Come è nata l’idea di raccontare i treni bianchi verso Lourdes?

L’idea è nata con una memoria, in realtà, che è riaffiorata grazie a un racconto di una mia amica e che mi ha portato un po’ indietro nel tempo, perché i miei nonni hanno fatto questo viaggio tanti anni fa. Quindi sono tornato indietro nel tempo anche a livello di background familiare perché comunque la mia famiglia è molto cattolica e l’abbinamento è stato molto semplice, praticamente un tuffo nel passato che mi è servito per capire un po’ meglio con gli occhi di un adulto. Poi mi sono un po’ discostato da quel mondo, però mi è servito tanto questo lavoro per cercare di capire proprio quel mondo e capire anche meglio mia madre e mia nonna.

E immagino anche per collocarlo nel 2025 e capirlo nel contesto di oggi.

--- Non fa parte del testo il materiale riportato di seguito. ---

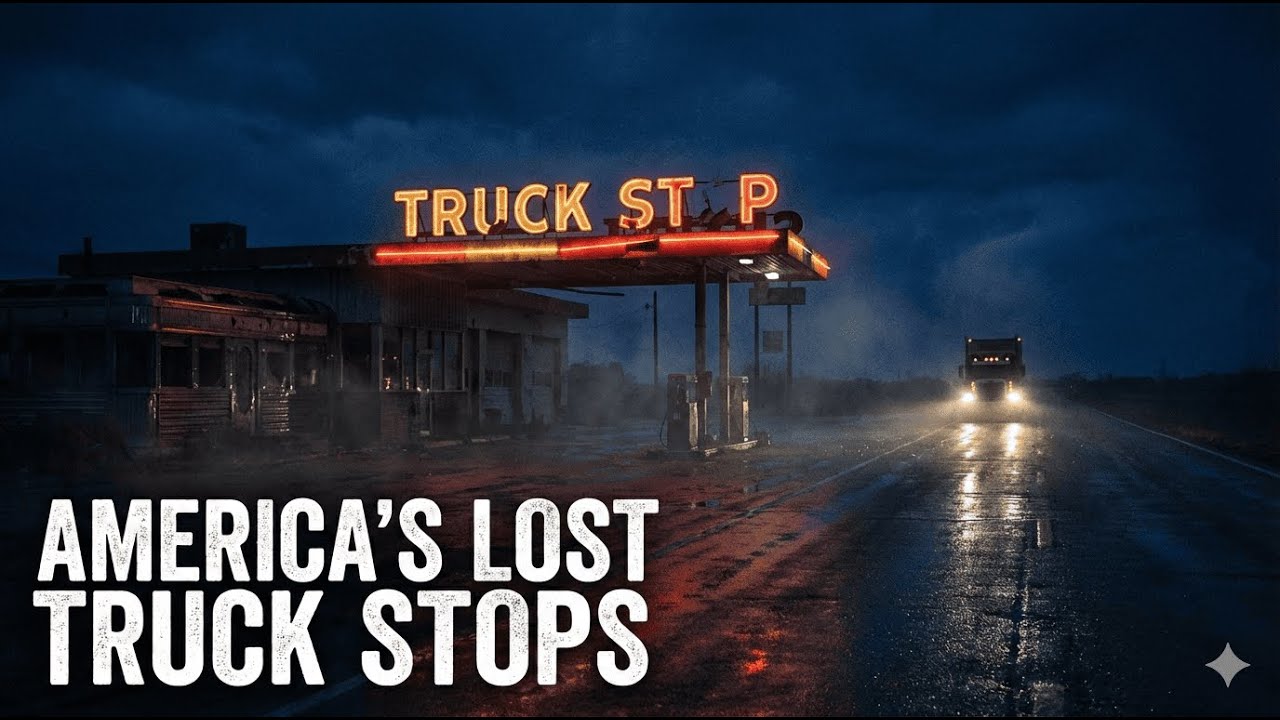 10 легендарных американских придорожных кафе для дальнобойщиков, которые исчезли навсегда.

Sì, esatto. Anche perché quello che mi ha colpito subito è stato l’aspetto anacronistico del viaggio. Chiaramente se si pensa a una distanza che separa Palermo da Lourdes si pensa a un mezzo rapido e nel 2025, per esempio, a un aereo che impiega un’ora e mezza. È che non è soltanto un discorso di tempo, anche a livello economico costa molto meno fare un viaggio in aereo per raggiungere Lourdes rispetto a fare questo tipo di viaggio con questa associazione. Quindi quella è stata la scintilla che si è accesa, poi in realtà, facendo il viaggio, ho capito com’è ed è anacronistico, ma fino a un certo punto perché in realtà alcuni valori che vengono portati avanti da questa collettività non sono tanto datati (o almeno lo sono ma non dovrebbero esserlo). Mi riferisco a valori come quelli della socialità, della collettività, della comunione, dei valori positivi.

Il fatto che questi valori che dici non sono datati, ma fanno parte anche dell’oggi lo hai reso, in maniera cinematografica, unendo il materiale d’archivio alle riprese moderne. Addirittura i personaggi dell’oggi parlano sopra le immagini del passato.

La volontà era quella di creare un po’ una fusione, una confusione temporale. Non volevo scandire il tempo necessariamente con l’utilizzo dell’archivio e fare un lavoro didascalico che ci dicesse che nel passato si faceva in un modo e adesso no. Questo anche perché la sfera temporale è molto confusa all’interno di questo viaggio, si perde completamente la dimensione del tempo e ci si abbandona al suo fluire. È un viaggio molto lungo e uno perde ogni tipo di riferimento spazio temporale.

Il tempo

A proposito di questo, come ha influito il tempo nella realizzazione del film? Cosa ha comportato fare letteralmente il film durante un viaggio nel quale non sono previste le pause durante le riprese che potrebbero esserci in un qualsiasi altro film? Come ha influito questo nella struttura di Chi sale sul treno?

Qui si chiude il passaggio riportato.